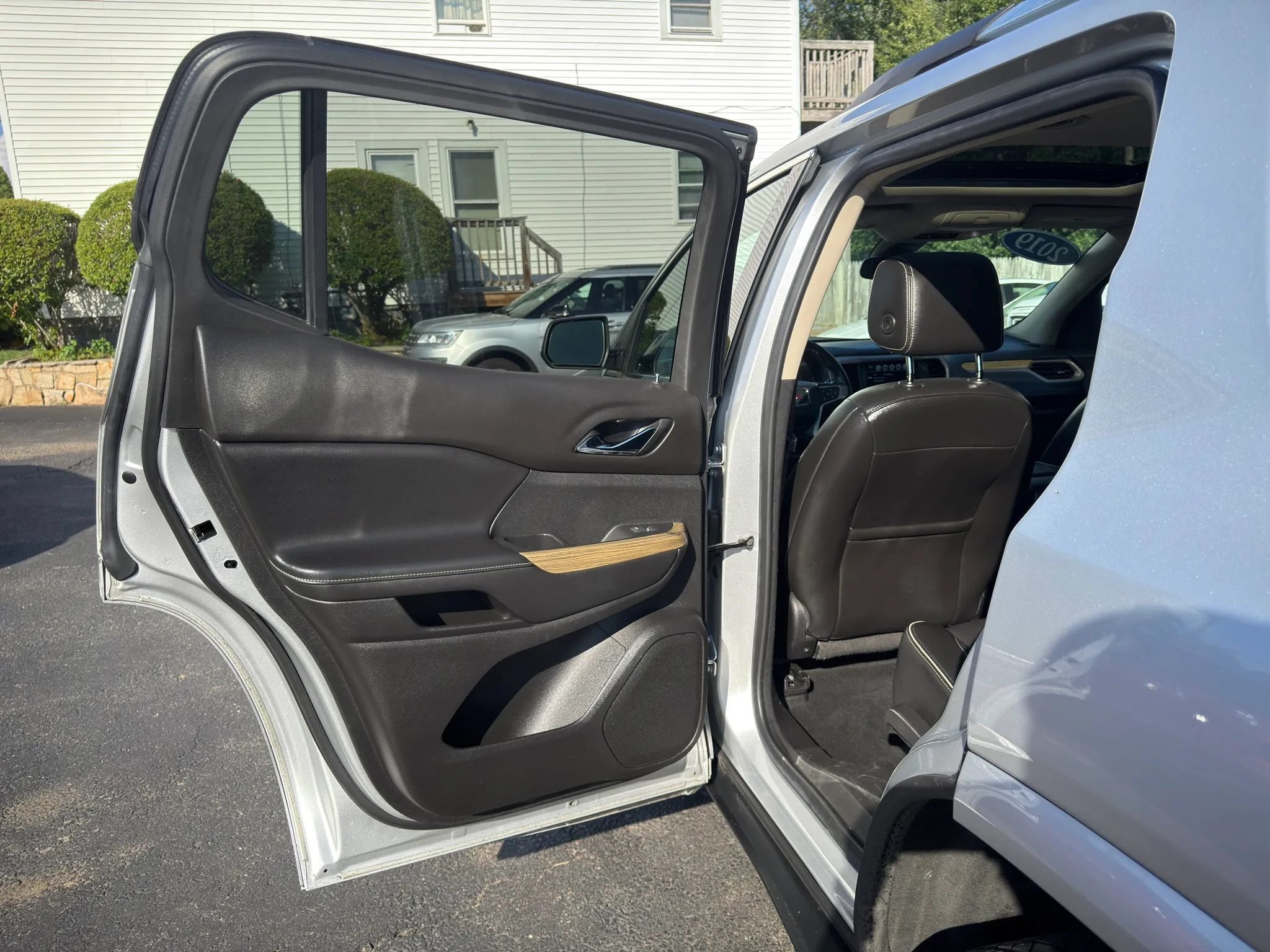 Used 2019 GMC Acadia Denali AWD/4WD image 17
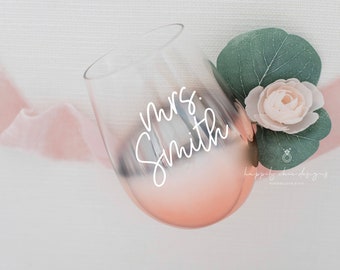 Personalized bride wine glass- bride gifts- engagement gift- wedding wine glass- ombré rose gold wine glass- custom wine glass- bride box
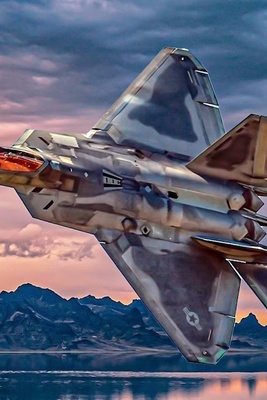 المقاتله F-22 رابتور: المواصفات الفنیه، السرعه القصوى، المحرکات والتکلفه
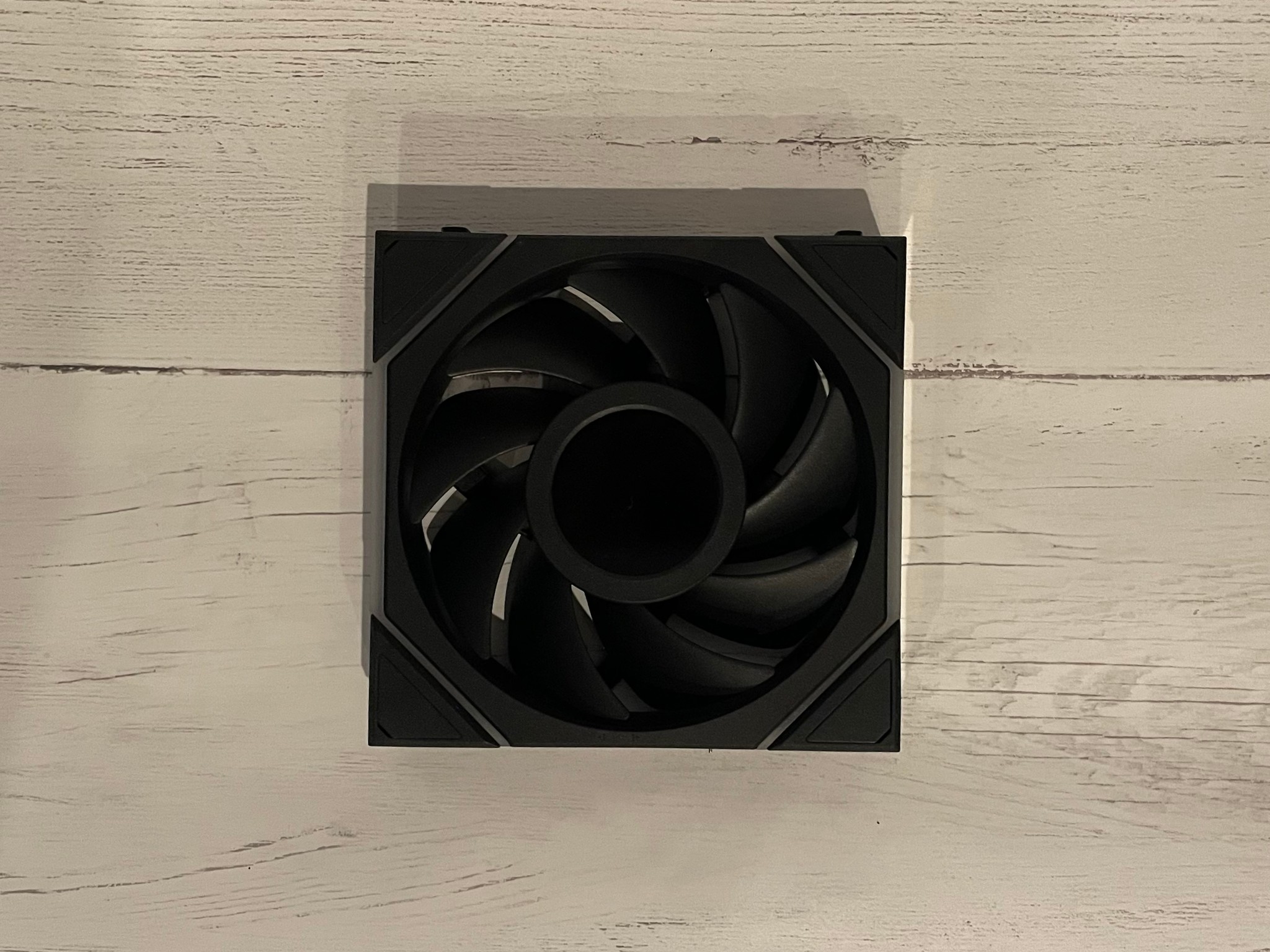 LIAN LI UNI FAN TL LCD 120 RGB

──────────────────────────────

Find the line holding "Personalized bride wine" in the data above. Retype it and every later line exactly, through the end, but not the pictures.

→ TASK OUTPUT:
 Personalized bride wine glass- bride gifts- engagement gift- wedding wine glass- ombré rose gold wine glass- custom wine glass- bride box
 المقاتله F-22 رابتور: المواصفات الفنیه، السرعه القصوى، المحرکات والتکلفه
 LIAN LI UNI FAN TL LCD 120 RGB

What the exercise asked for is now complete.